Location
- North Trade Road Battle, East Sussex, TN33 0HT England 50°54′58″N 0°28′01″E﻿ / ﻿50.916°N 0.467°E

Information
- Type: Community school
- Established: 1955
- Local authority: East Sussex
- Department for Education URN: 114584 Tables
- Ofsted: Reports
- Principal: Mr C Connor
- Staff: ~70
- Gender: Coeducational
- Age: 11 to 16
- Enrolment: c. 1250
- Capacity: 1120
- Houses: Caldbec, Montjoie, Oakwood, Santlache, Telleham
- Colours: Purple, blue, silver, red and green
- Publication: Claverham Newsletter
- Website: claverham.e-sussex.sch.uk

= Claverham Community College =

Claverham Community College is a comprehensive secondary school/community college in Battle, East Sussex, England. It has sports facilities such as a climbing wall, Community Sports Hall, gym, dance studio, fitness suite, and playing fields.

Claverham Community College is a mixed comprehensive school for pupils aged 11–16 and a Community College. It has approximately 1150 pupils and about 2500 associates of the College who attend adult evening classes or are members of affiliated societies.

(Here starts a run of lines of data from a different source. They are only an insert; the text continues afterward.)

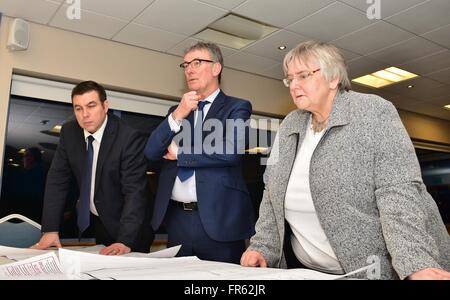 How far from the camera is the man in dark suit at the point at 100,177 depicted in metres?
1.66

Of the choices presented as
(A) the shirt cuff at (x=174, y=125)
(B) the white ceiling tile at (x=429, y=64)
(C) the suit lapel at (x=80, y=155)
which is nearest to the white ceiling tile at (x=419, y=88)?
(B) the white ceiling tile at (x=429, y=64)

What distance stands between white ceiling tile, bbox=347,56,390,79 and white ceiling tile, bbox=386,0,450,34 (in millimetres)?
718

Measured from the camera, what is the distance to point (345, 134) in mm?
1042

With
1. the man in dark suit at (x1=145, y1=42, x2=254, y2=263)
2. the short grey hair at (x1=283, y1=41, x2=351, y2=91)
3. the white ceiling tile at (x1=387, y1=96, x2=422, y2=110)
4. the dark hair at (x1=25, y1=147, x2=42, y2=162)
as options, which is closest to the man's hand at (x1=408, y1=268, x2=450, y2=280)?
the short grey hair at (x1=283, y1=41, x2=351, y2=91)

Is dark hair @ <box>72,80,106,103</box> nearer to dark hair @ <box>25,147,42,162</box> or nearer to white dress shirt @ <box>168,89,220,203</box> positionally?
white dress shirt @ <box>168,89,220,203</box>

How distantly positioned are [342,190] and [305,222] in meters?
0.17

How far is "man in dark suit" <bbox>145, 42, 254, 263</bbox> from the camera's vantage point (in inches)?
60.4

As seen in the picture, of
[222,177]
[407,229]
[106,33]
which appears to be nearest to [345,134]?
[407,229]

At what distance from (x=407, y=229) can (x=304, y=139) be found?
1.47ft

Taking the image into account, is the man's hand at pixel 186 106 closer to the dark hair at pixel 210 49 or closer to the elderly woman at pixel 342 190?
the dark hair at pixel 210 49

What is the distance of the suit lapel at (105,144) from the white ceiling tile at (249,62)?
2546mm

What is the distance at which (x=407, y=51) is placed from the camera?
13.5 ft

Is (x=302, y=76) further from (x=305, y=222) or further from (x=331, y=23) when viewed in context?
(x=331, y=23)

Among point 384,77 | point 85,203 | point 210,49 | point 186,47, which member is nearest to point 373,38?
point 384,77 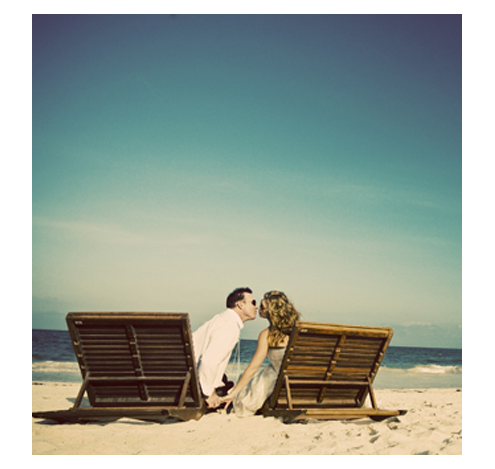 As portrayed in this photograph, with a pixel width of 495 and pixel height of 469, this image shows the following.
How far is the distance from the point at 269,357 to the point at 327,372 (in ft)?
1.93

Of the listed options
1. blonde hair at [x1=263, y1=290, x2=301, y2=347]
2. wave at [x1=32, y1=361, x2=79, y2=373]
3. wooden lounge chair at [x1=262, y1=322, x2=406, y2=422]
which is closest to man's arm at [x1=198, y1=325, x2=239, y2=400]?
blonde hair at [x1=263, y1=290, x2=301, y2=347]

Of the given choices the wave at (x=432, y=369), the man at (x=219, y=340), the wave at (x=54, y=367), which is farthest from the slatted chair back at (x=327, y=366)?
the wave at (x=432, y=369)

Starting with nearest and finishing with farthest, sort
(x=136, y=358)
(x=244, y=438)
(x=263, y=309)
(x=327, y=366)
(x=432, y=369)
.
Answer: (x=244, y=438)
(x=136, y=358)
(x=327, y=366)
(x=263, y=309)
(x=432, y=369)

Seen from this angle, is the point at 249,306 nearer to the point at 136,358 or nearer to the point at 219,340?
the point at 219,340

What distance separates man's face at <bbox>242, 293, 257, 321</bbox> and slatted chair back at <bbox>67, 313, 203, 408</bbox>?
96 centimetres

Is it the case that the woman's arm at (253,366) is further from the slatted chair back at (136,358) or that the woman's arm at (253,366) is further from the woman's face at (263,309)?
the slatted chair back at (136,358)

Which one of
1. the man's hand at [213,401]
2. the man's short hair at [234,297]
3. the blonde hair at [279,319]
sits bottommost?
the man's hand at [213,401]

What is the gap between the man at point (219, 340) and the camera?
4.79 meters

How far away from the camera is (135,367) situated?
4449mm

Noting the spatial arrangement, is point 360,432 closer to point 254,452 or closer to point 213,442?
point 254,452

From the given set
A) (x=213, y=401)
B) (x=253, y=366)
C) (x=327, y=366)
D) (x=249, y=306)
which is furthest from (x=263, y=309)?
(x=213, y=401)

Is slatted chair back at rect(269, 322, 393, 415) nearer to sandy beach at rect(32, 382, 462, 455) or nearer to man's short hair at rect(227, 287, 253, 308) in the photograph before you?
sandy beach at rect(32, 382, 462, 455)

The Community College was established in 1973 and was developed from the former Battle County Secondary School built in 1955. In school terms the College became fully comprehensive in 1976.

==History==
The college takes its title from the Anglo-Saxon pre-conquest description of the particular area in which it is situated - place of clover or good pasture. The college opened in 1955.

==Campus==
The college is about one mile west of the market town of Battle and is situated within 42 acres of wood and parkland.

The college grounds incorporate land which belonged formerly to the Battle Abbey Estate and are immediately adjacent to the site of the Battle of Hastings.